→ **EXTRACTED DATA**
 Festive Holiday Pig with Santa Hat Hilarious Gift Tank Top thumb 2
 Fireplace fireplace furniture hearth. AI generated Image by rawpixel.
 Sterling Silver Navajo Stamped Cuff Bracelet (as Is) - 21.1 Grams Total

* * *

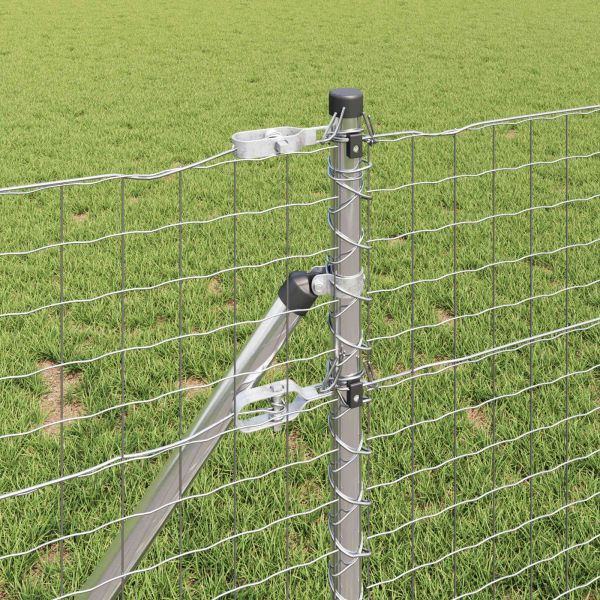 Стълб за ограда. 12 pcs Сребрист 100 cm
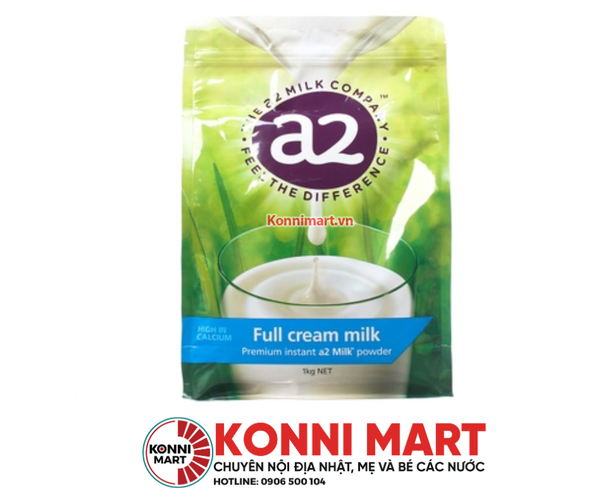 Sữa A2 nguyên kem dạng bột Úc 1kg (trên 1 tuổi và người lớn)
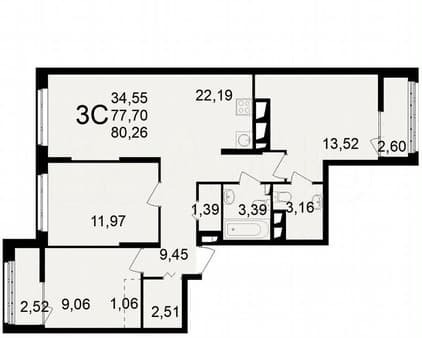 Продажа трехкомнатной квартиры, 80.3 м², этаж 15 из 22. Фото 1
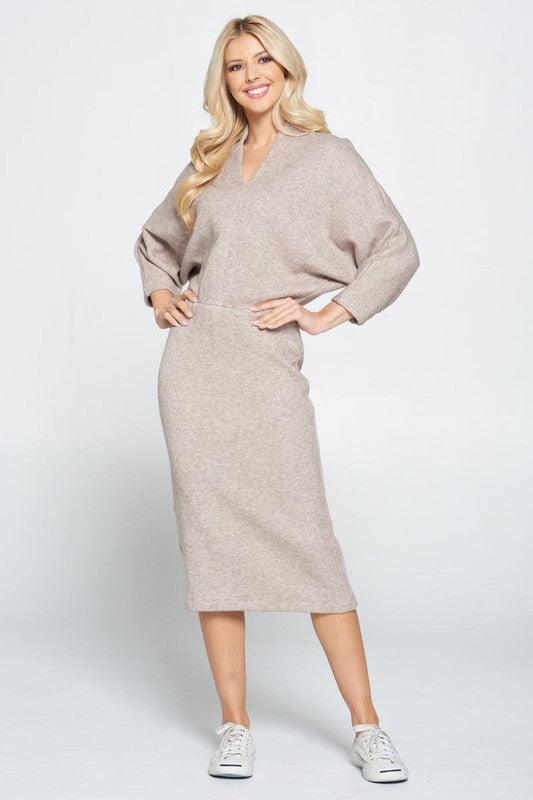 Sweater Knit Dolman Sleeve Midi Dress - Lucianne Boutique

...

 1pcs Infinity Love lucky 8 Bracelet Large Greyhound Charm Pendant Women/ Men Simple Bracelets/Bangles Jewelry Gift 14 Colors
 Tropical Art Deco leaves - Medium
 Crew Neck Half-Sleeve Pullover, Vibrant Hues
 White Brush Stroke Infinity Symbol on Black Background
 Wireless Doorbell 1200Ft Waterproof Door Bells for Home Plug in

→ **EXERCISE GOAL**
Reproduce the lines above starting at the one with "Продажа трехкомнатной квартиры, 80.3" and ending at the one with "Sweater Knit Dolman", both included, exactly and with no pictures.

→ **ANSWER SECTION**
 Продажа трехкомнатной квартиры, 80.3 м², этаж 15 из 22. Фото 1
 Sweater Knit Dolman Sleeve Midi Dress - Lucianne Boutique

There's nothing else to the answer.